Wednesday, March 27, 2013

Marathon #1


About a week before my first marathon I was dressed in my Titanica costume putting on a spectacle for many of my friends as my roommates and I hosted another evening of G.L.O.W, (Gorgeous Ladies of Wrestling).  If you are a child of the 80’s you know exactly what this is, and I am proud to say that we represented loud and proud every time we suited up and took it to the living it to the living room floor.  My alter-ego was named Titanica, because I had a real obsession with that film, I saw it 9 times in the theater, and my tag line was, “Your heart won’t go on.”  I had graduated from CU about 3 weeks prior and was knee deep in my post graduate identity crisis of still living like a college student, but only weeks away from moving back home to Los Angeles to start my career in the entertainment industry. I was still living with my roommates in our dilapidated apartment, hustling at the local Dairy Queen, and training for my first marathon.   Luckily, my brother Peter was visiting and my crazy friends who had all fallen in love with him at one point or another through out the last 4 years, and would be driving back home to southern California with me to cheer me on for my race.  I was nervous for the marathon for many reasons, most of which was the unknown.  My longest training run was 19 miles, which is still 7 miles shorter than the 26.2 I would be running on race day, but I chose to take the “ignorance is bliss” approach, hence the weekend before “party time” with my friends.  However, a funny thing happened on the way to the starting line, I found my tribe.  Runners stretching in the grass, fidgeting in the Port-o-Potty line, and clapping in the starting line corrals, I felt connected to all of them, and honored to be among them.

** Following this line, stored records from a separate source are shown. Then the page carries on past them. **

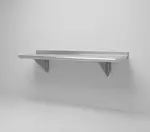 Advance Tabco WS-15-108-16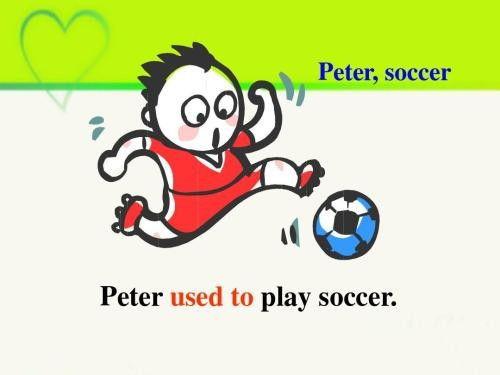 soccer怎么读-soccer怎么读英语
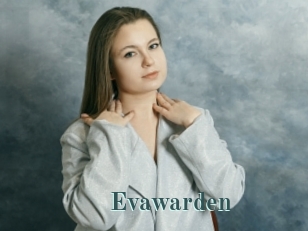 Evawarden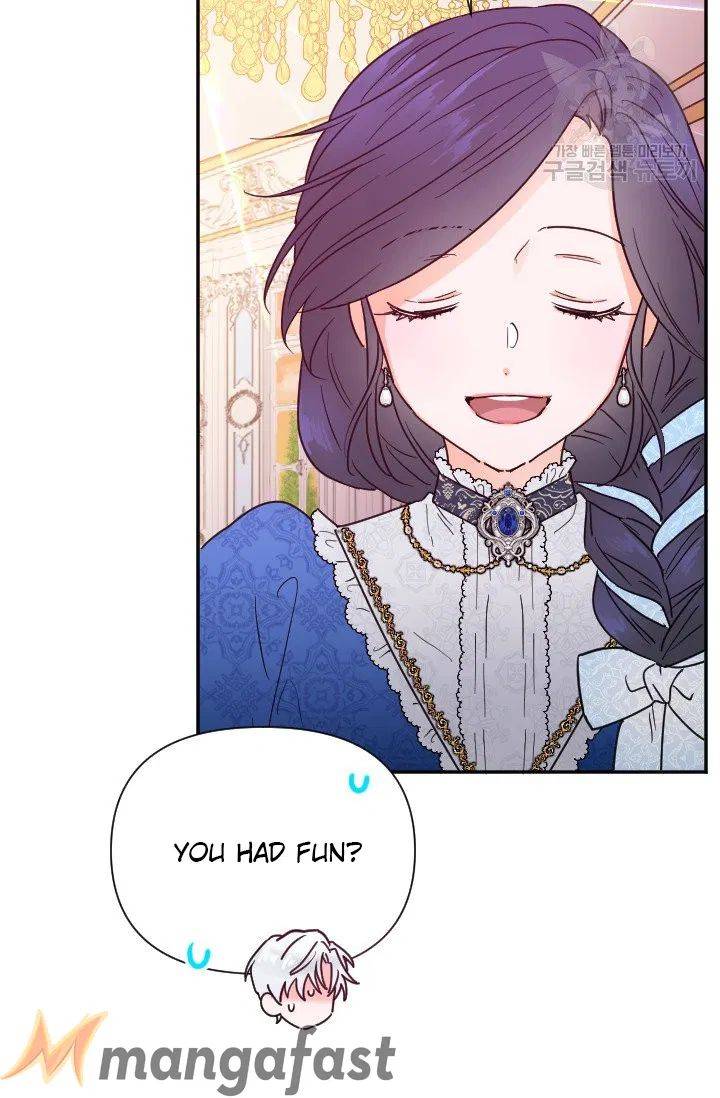 Page 32 of Chapter 114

When the gun went off, and the miles started to tick away, I never thought that I couldn’t do it; I just couldn’t believe that I was doing it.  I hooked up with a female runner a few years older than me at about mile 7, she was nice, but I ditched her when she said, “At this pace we should finish in about 5 hours.”   Yeah, no, I was aiming for under 4:45, so I sped up and disappeared into the crowd. 

 The race took place in San Diego, which is home to one of the largest Marine bases in the country, Camp Pendleton, and lucky for us runners, hundreds of Marines lined the streets to volunteer and cheer us on.  The most powerful image I remember was of a ripped, middle-aged Marine screaming at us, “Pain is weakness leaving your body!”  I felt honored to be among his presence, and unworthy that I was merely running a marathon compared to the real sacrifice he committed to by becoming a Marine, so I promised myself that I would never allow myself to succumb to fatigue during the race, instead I would use it as fuel to push me harder through the dark moments, I owed him that much at the very least.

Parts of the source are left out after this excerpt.